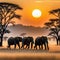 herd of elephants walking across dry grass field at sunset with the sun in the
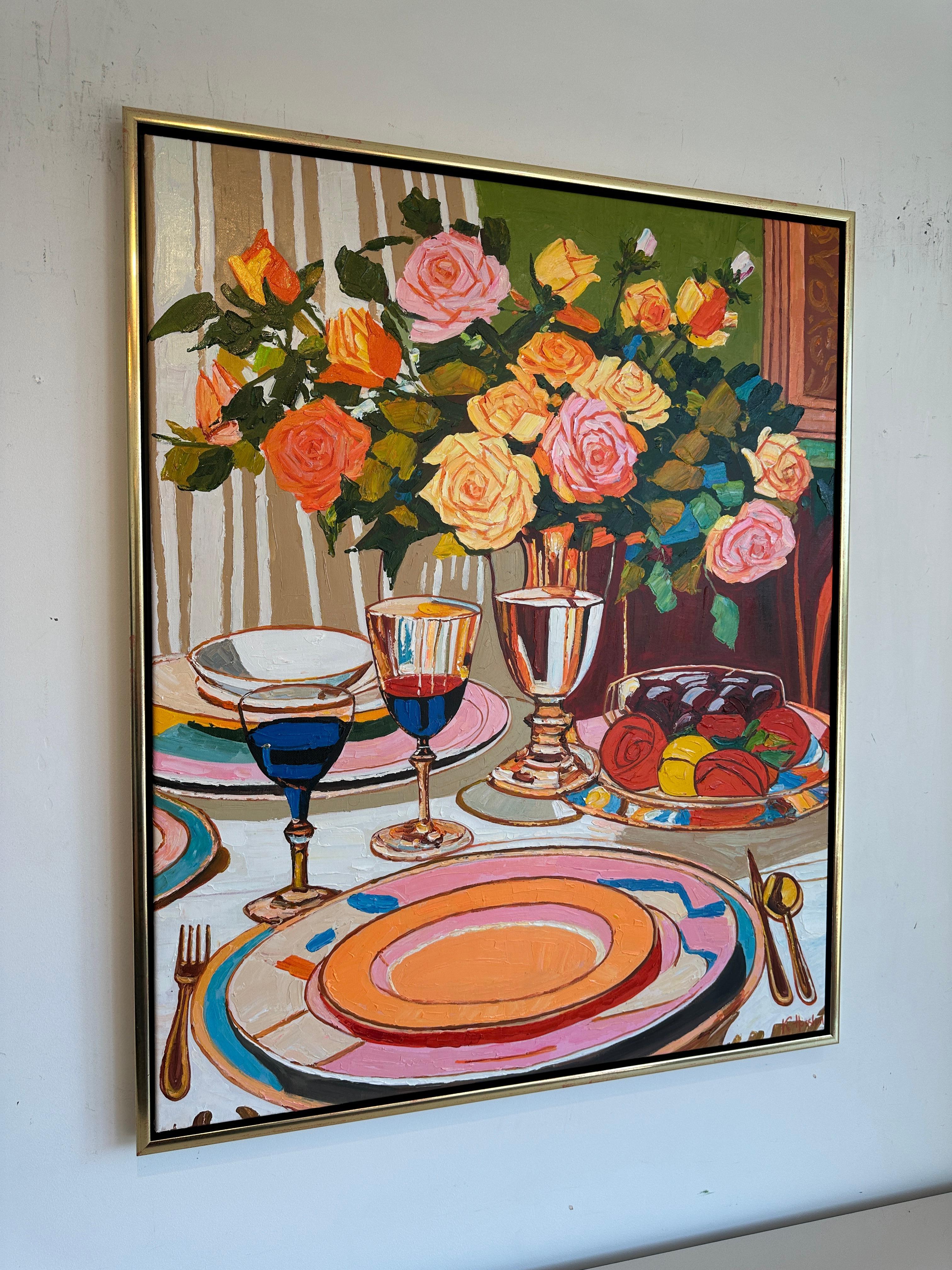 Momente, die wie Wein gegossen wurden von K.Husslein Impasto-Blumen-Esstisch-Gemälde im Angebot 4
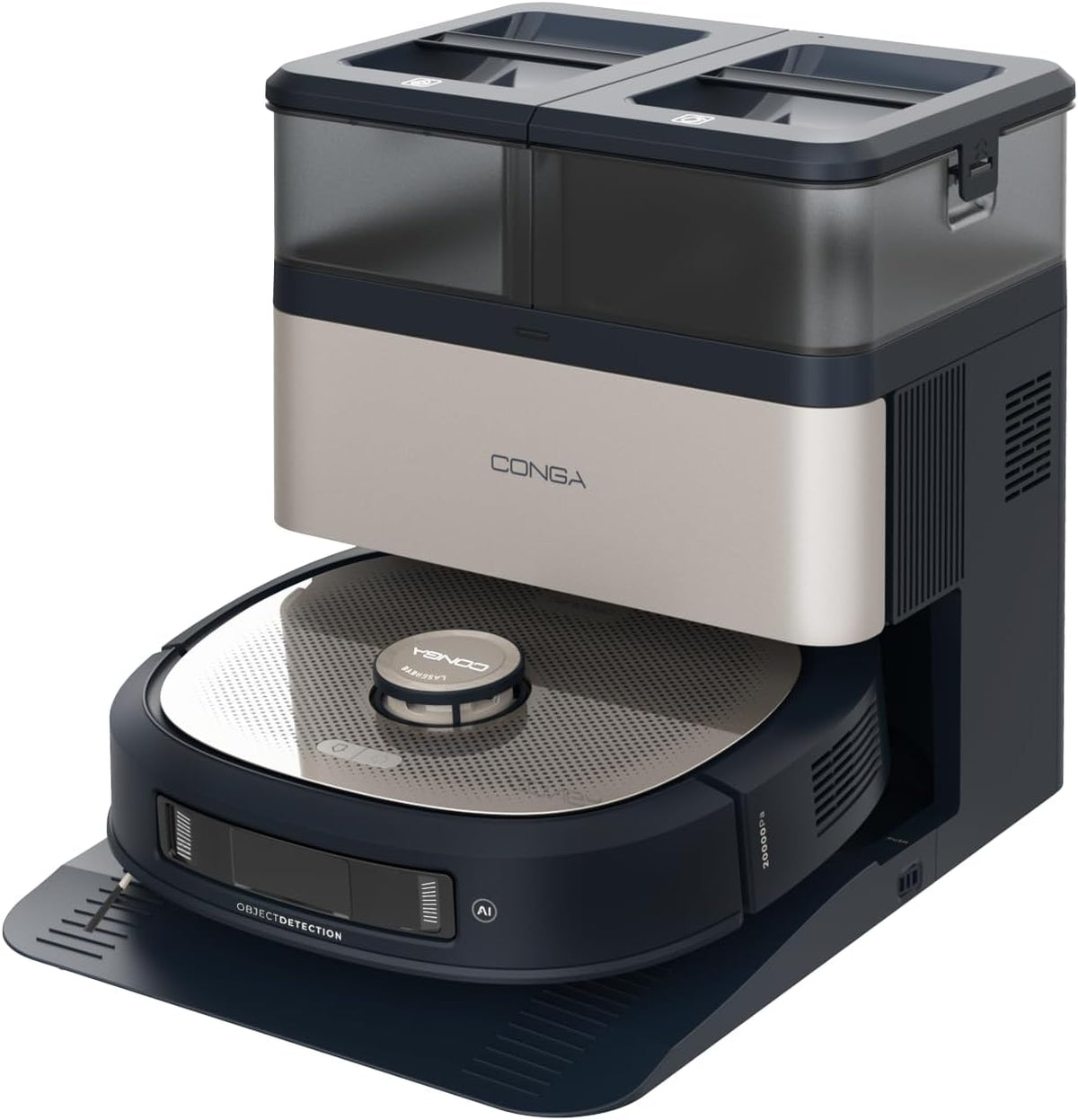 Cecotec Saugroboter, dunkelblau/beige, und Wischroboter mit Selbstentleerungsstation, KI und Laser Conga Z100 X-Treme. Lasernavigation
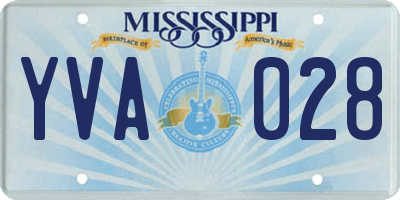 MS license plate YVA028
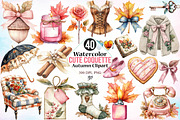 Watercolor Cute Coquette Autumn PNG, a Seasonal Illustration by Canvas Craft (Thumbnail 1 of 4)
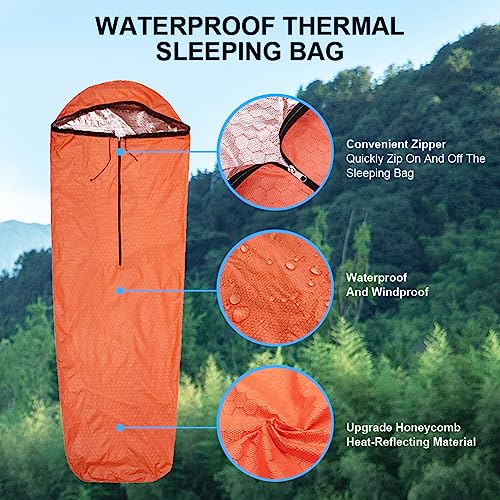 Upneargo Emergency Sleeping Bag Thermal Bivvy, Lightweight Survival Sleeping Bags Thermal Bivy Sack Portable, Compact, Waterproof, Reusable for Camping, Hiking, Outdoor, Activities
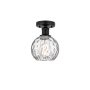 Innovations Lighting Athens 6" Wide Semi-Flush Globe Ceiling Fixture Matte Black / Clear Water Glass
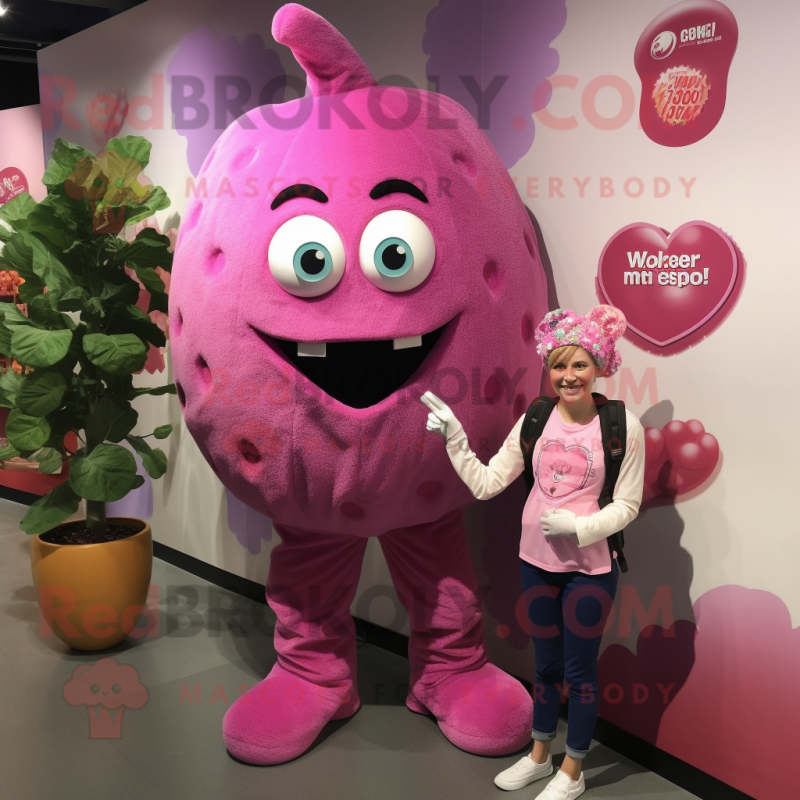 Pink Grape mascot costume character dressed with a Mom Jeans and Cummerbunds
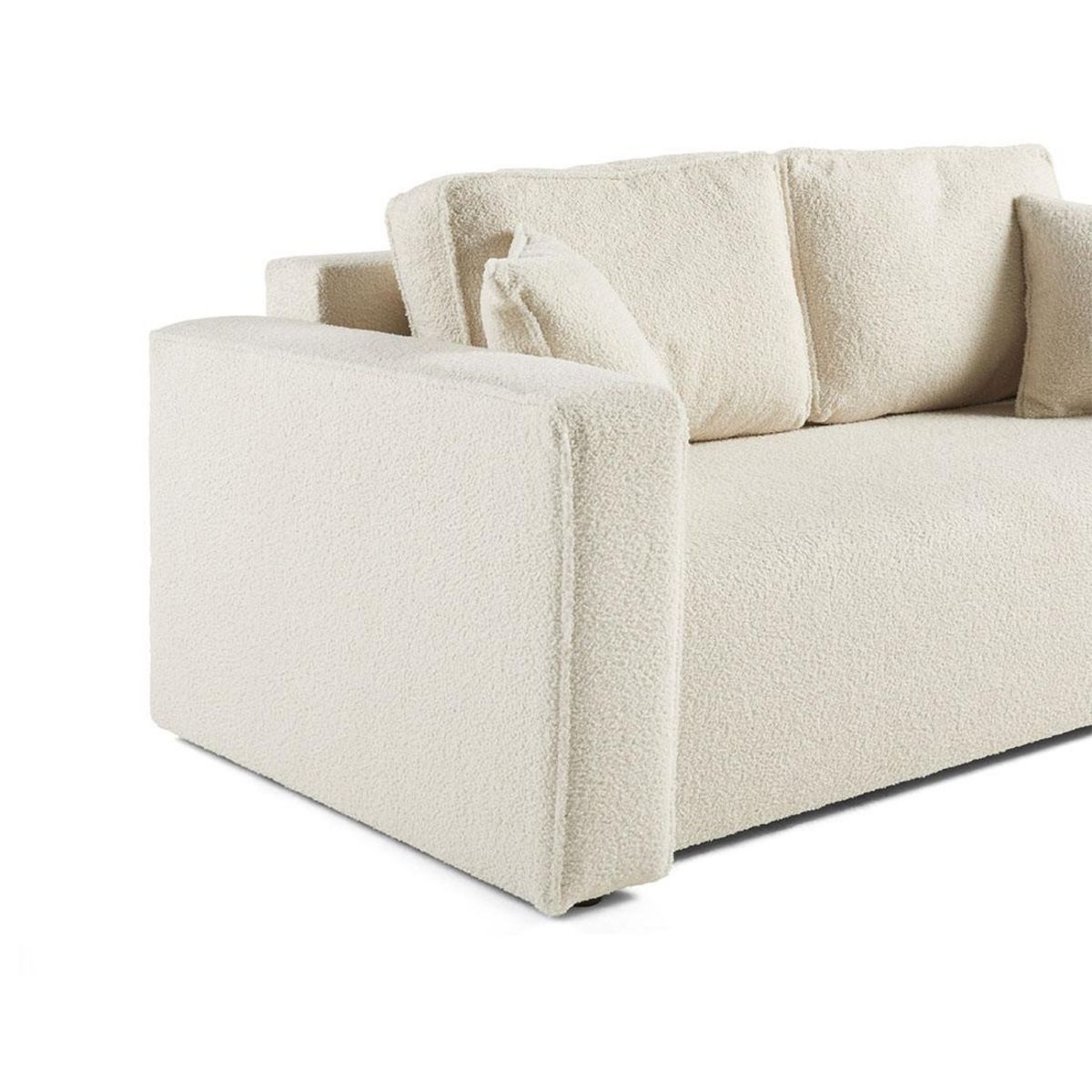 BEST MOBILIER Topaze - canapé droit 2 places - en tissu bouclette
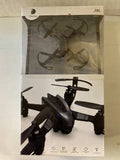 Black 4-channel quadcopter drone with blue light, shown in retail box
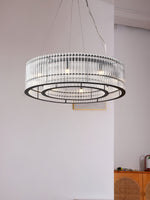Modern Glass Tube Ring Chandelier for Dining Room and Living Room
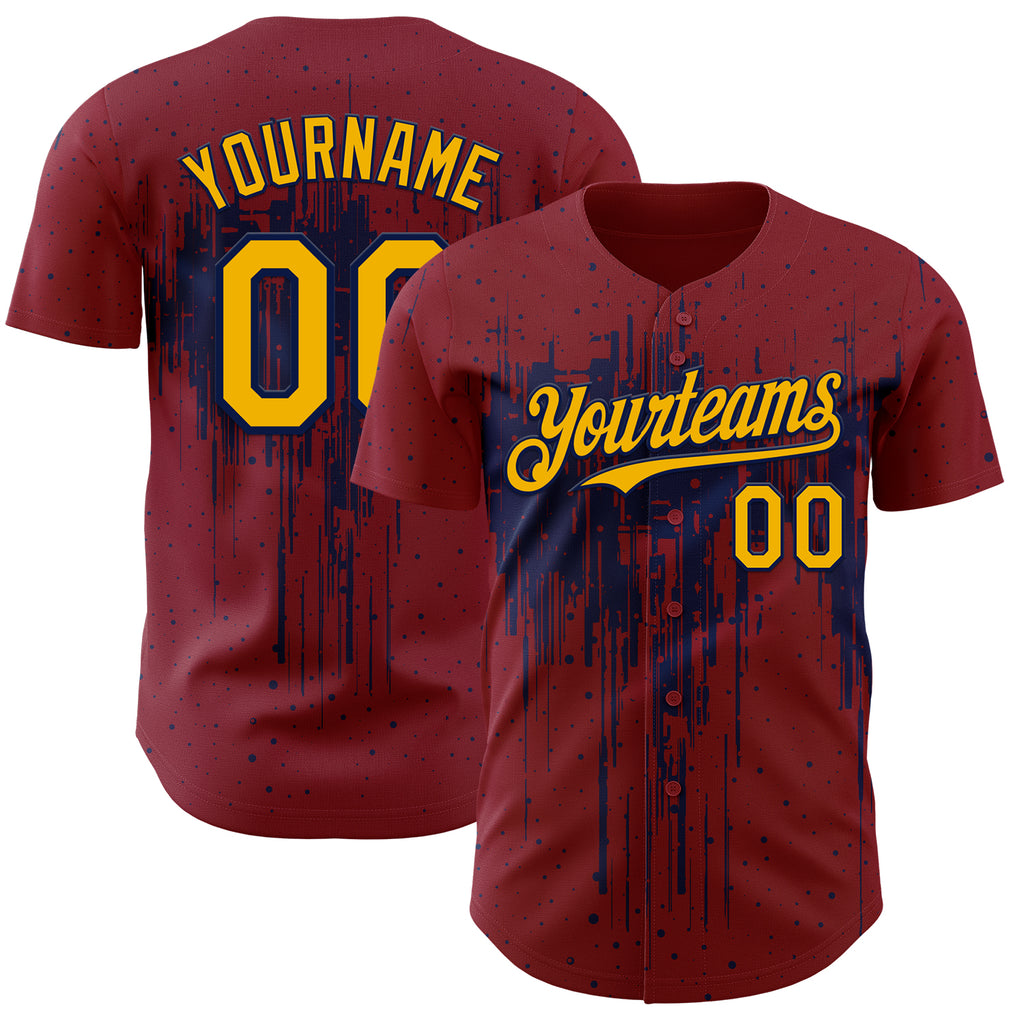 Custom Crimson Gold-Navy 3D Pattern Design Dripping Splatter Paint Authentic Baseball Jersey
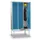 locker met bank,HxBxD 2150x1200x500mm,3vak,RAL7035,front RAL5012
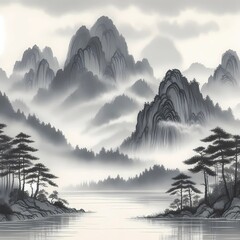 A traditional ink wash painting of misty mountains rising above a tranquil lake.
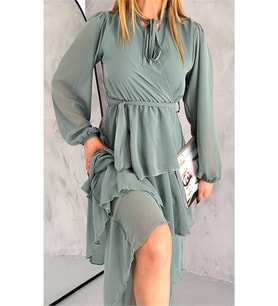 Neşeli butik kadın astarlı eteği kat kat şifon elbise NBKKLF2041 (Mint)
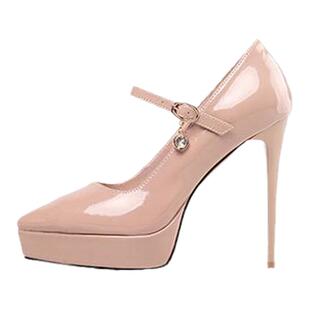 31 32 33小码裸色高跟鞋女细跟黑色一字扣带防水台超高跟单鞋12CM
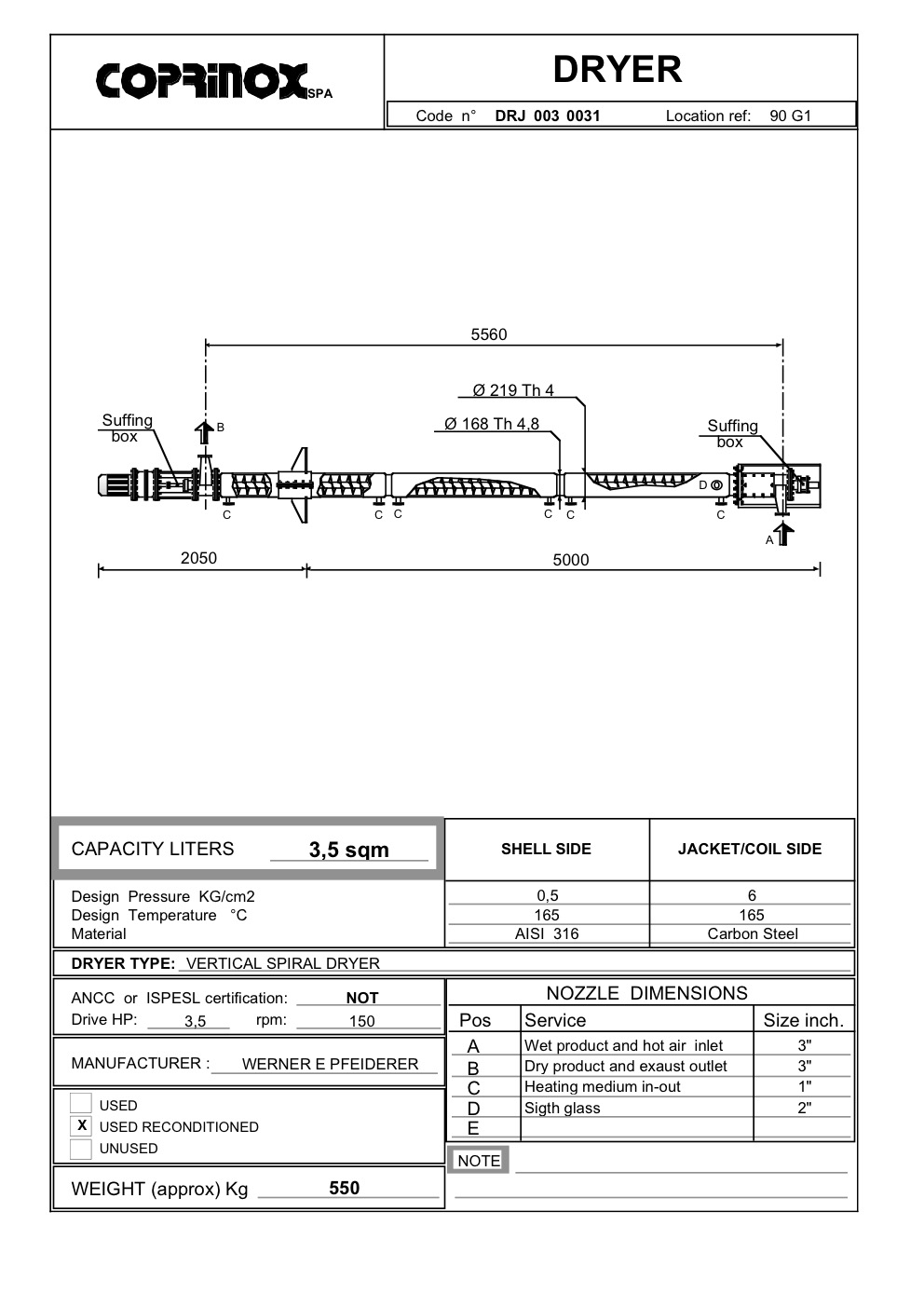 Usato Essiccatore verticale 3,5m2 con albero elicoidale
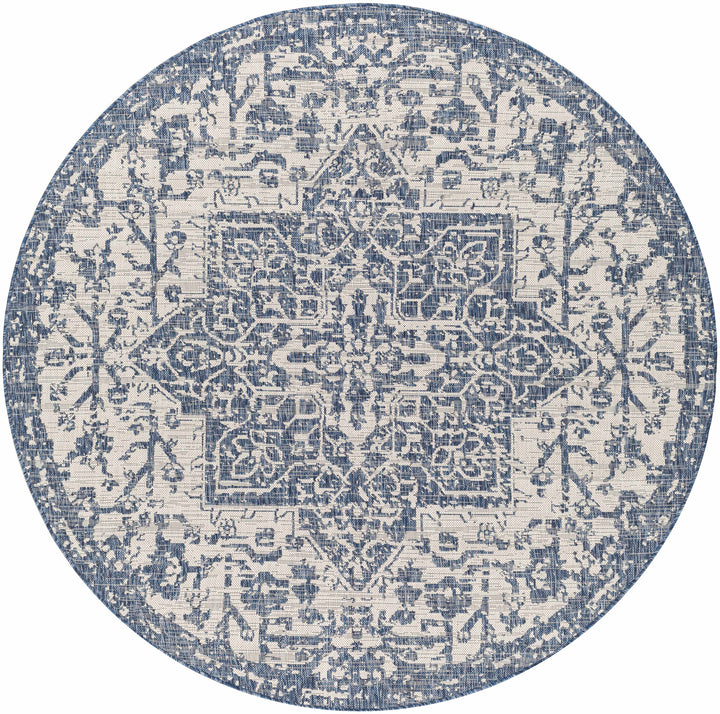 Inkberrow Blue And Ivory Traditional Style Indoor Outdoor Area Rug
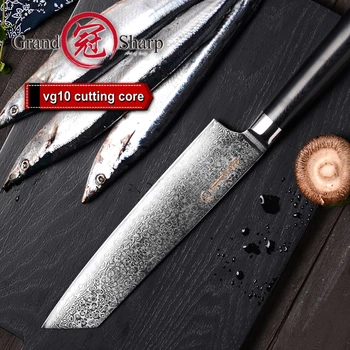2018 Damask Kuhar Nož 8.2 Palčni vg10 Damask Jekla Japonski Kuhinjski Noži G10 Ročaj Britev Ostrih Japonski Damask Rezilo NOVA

+++

— Problem statement —
Reproduce nothing but the lines from the line containing "Pink Grape mascot" through the last line of the data above, exactly as written and without pictures.

— Exercise response —
 Pink Grape mascot costume character dressed with a Mom Jeans and Cummerbunds
 BEST MOBILIER Topaze - canapé droit 2 places - en tissu bouclette
 Black 4-channel quadcopter drone with blue light, shown in retail box
Modern Glass Tube Ring Chandelier for Dining Room and Living Room
 Custom Crimson Gold-Navy 3D Pattern Design Dripping Splatter Paint Authentic Baseball Jersey
 locker met bank,HxBxD 2150x1200x500mm,3vak,RAL7035,front RAL5012
 A traditional ink wash painting of misty mountains rising above a tranquil lake.
 Neşeli butik kadın astarlı eteği kat kat şifon elbise NBKKLF2041 (Mint)
 31 32 33小码裸色高跟鞋女细跟黑色一字扣带防水台超高跟单鞋12CM
 Usato Essiccatore verticale 3,5m2 con albero elicoidale
 Inkberrow Blue And Ivory Traditional Style Indoor Outdoor Area Rug
2018 Damask Kuhar Nož 8.2 Palčni vg10 Damask Jekla Japonski Kuhinjski Noži G10 Ročaj Britev Ostrih Japonski Damask Rezilo NOVA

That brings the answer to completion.